→ **Exercise details**: Each line from the one containing "photo - Woman Holding a Glass of Water" through the last line of the data below should be printed exactly, please, with any pictures omitted.

→ **Data entries**:
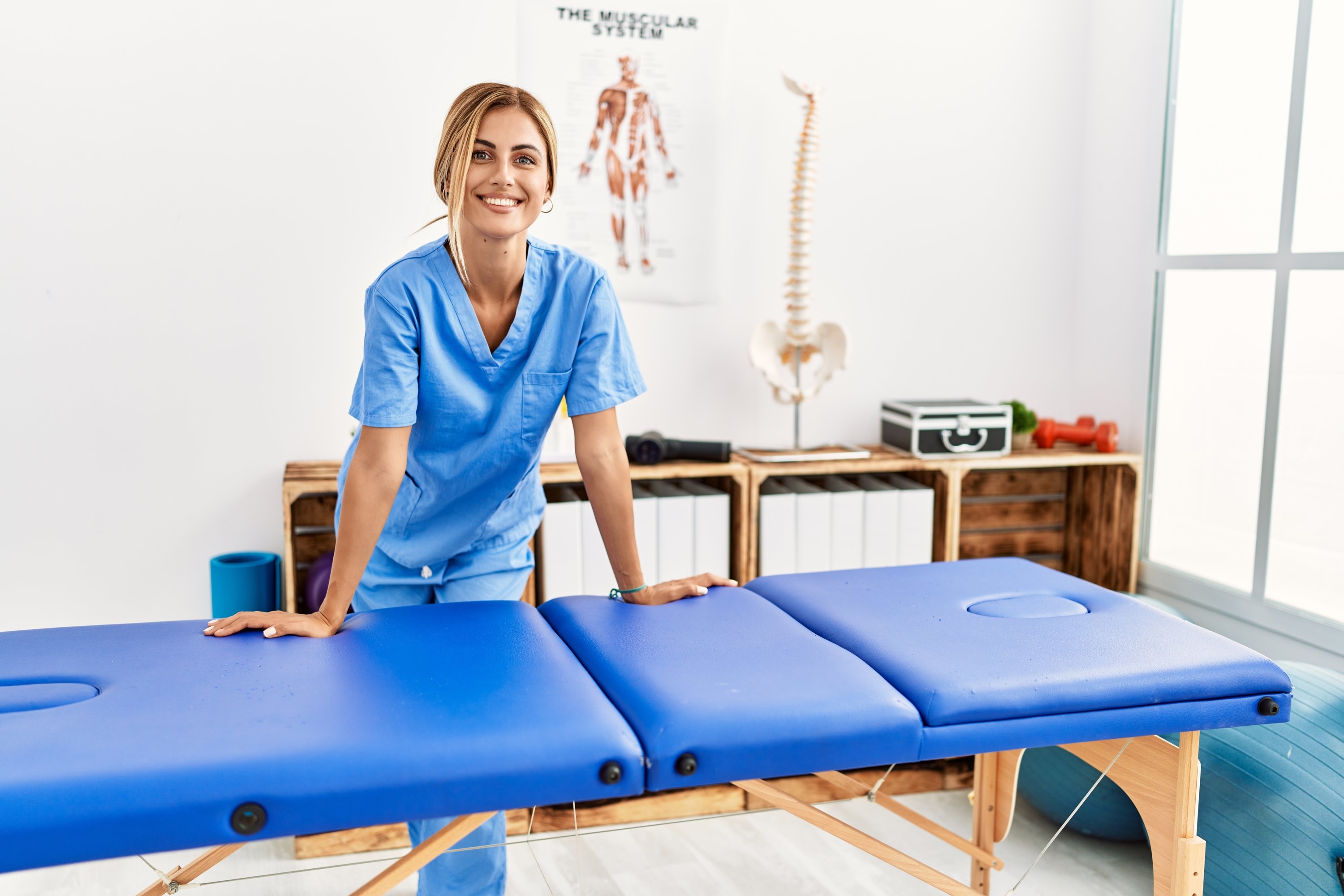 a massage therapist standing over a massage table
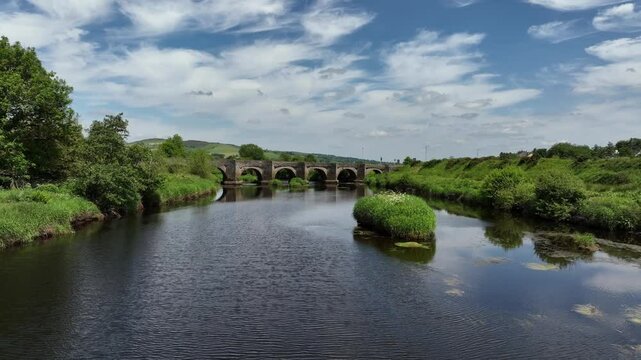 Clady Bridge, County Tyrone, Northern Ireland, June 2023. Drone low approach over River Finn with grassy river bank to arched bridge connecting towns under cloudy sky.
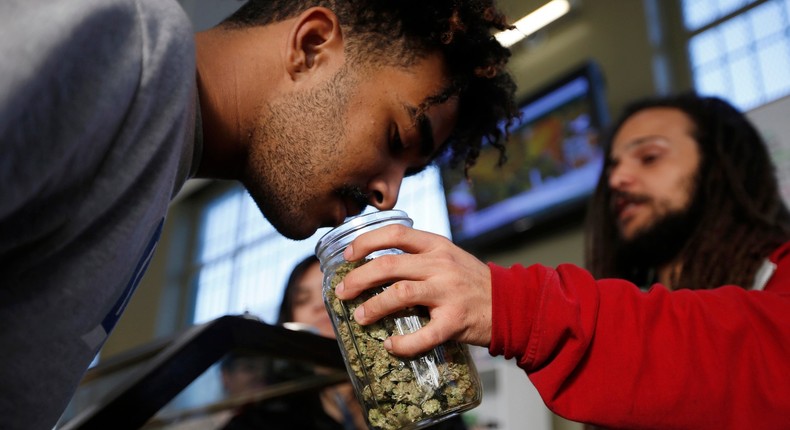 Volunteer Charlie Kirchheimer, 25, (R) holds out a jar of dried cannabis buds for Cyle Tahsini, 21, at the La Brea Collective medical marijuana dispensary in Los Angeles, California.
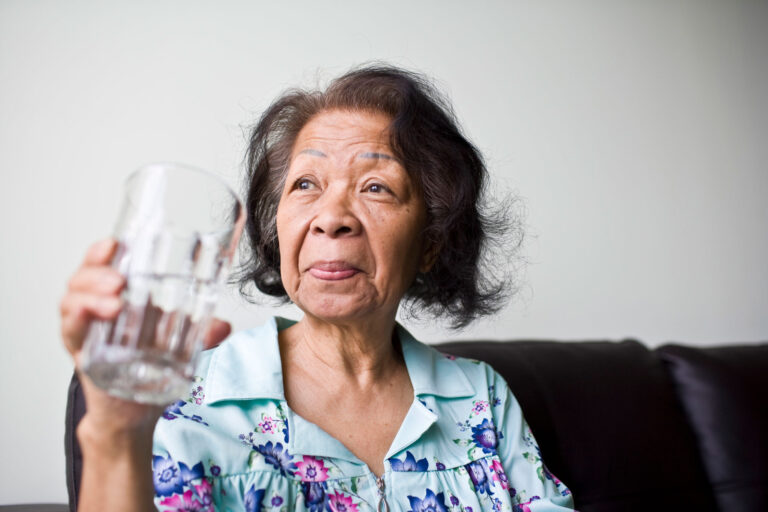 photo - Woman Holding a Glass of Water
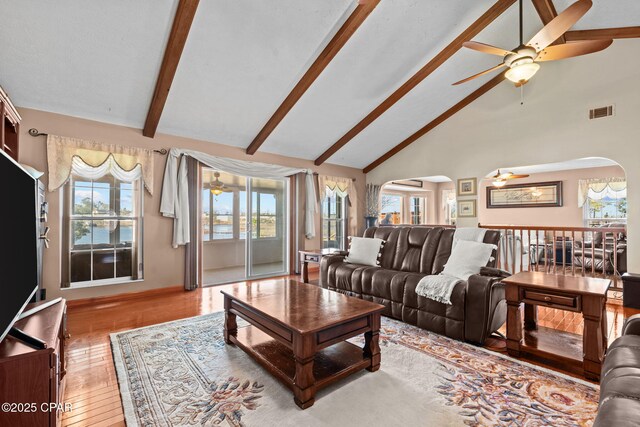 living room featuring beamed ceiling, light wood-type flooring, high vaulted ceiling, and ceiling fan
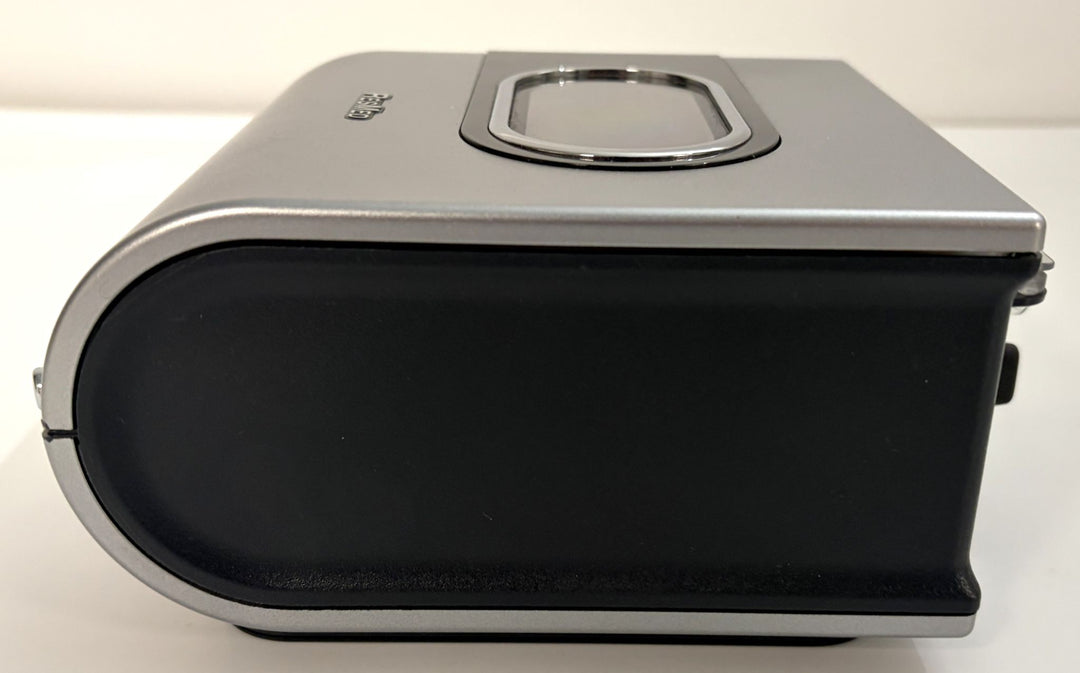 Side view of a pre-owned Resmed H5i humidifier component featuring a silver and black plastic casing, shown without accessories or attachments.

→ **Answer to the problem**:
 photo - Woman Holding a Glass of Water
 living room featuring beamed ceiling, light wood-type flooring, high vaulted ceiling, and ceiling fan
 Side view of a pre-owned Resmed H5i humidifier component featuring a silver and black plastic casing, shown without accessories or attachments.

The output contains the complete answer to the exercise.